■ **STORED DATA**:
* * * * *
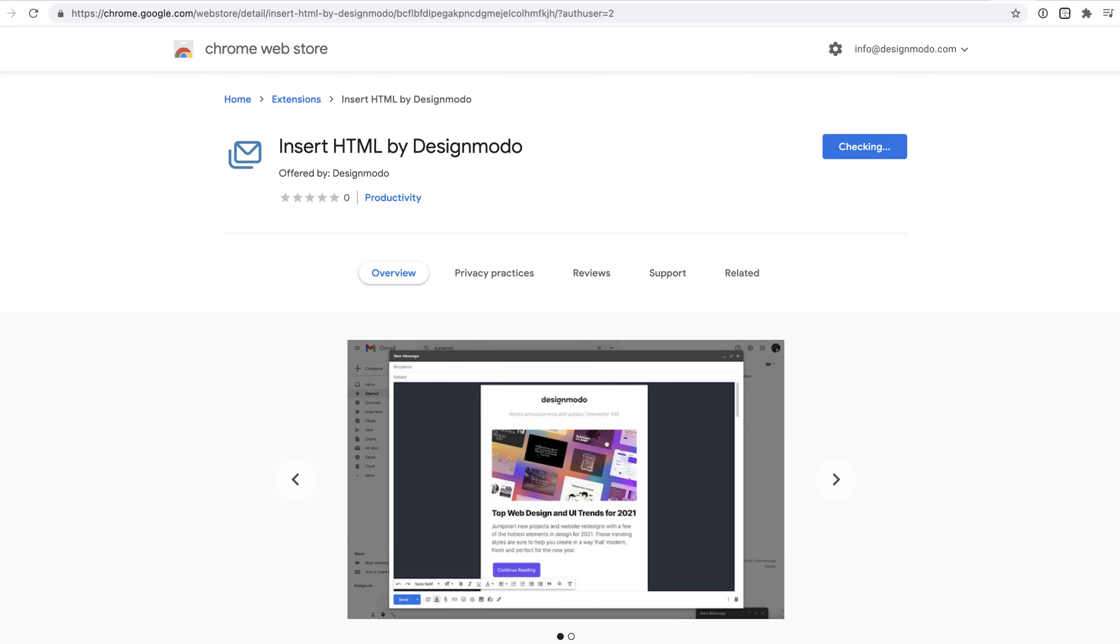Hey guys, it's Jack here from Designmodo. In this video today, we're going to be covering Designmodo's new Chrome extension, called Insert HTML by Designmodo, which is an awesome piece of functionality that's a huge time saver.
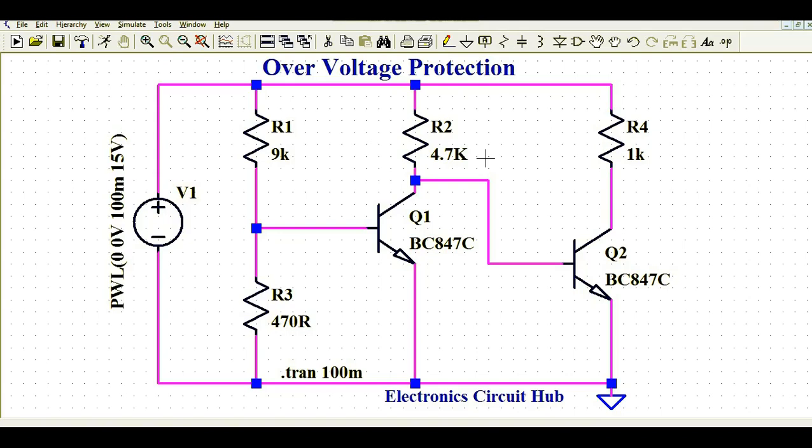Hello friends, welcome to Electronic Circuit Hub. Today we are going to understand the design and simulation of an over voltage protection circuit using two simple NPN transistors — how you can protect your load in the case of input over voltage. This is the agenda of today's video.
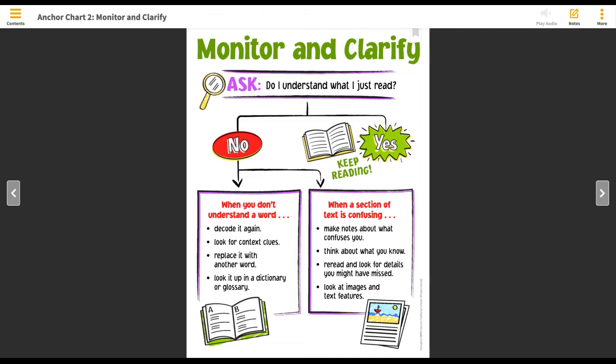Today we are going to review the skills of monitoring and clarifying as we read. Remember that good readers monitor, or pay close attention to, their understanding of a text. When readers don't understand what they read, they want to stop and clarify, or make clear, whatever they don't understand. So after you read a section of text, you want to stop and ask yourself this big question: Do I understand what I just read? If the answer is yes, then keep on reading. If the answer is no, let's talk about a few things we can look at to help us understand so that we can be successful and continue in our reading.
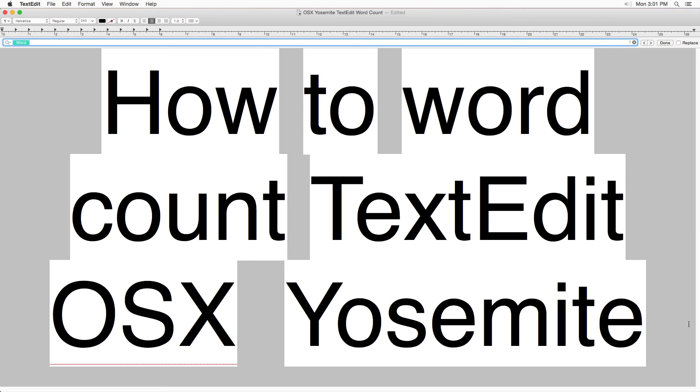So there you go. I hope that helps you out and saves you a little bit of time. So you don't need to go online and do some kind of weird word count or do that AppleScript trick where you make an application or whatnot.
* * * * *
■ **THE PROBLEM**: Could you set down the data exactly as given, minus its pictures?

■ **TASK OUTPUT**:
Hey guys, it's Jack here from Designmodo. In this video today, we're going to be covering Designmodo's new Chrome extension, called Insert HTML by Designmodo, which is an awesome piece of functionality that's a huge time saver.
Hello friends, welcome to Electronic Circuit Hub. Today we are going to understand the design and simulation of an over voltage protection circuit using two simple NPN transistors — how you can protect your load in the case of input over voltage. This is the agenda of today's video.
Today we are going to review the skills of monitoring and clarifying as we read. Remember that good readers monitor, or pay close attention to, their understanding of a text. When readers don't understand what they read, they want to stop and clarify, or make clear, whatever they don't understand. So after you read a section of text, you want to stop and ask yourself this big question: Do I understand what I just read? If the answer is yes, then keep on reading. If the answer is no, let's talk about a few things we can look at to help us understand so that we can be successful and continue in our reading.
So there you go. I hope that helps you out and saves you a little bit of time. So you don't need to go online and do some kind of weird word count or do that AppleScript trick where you make an application or whatnot.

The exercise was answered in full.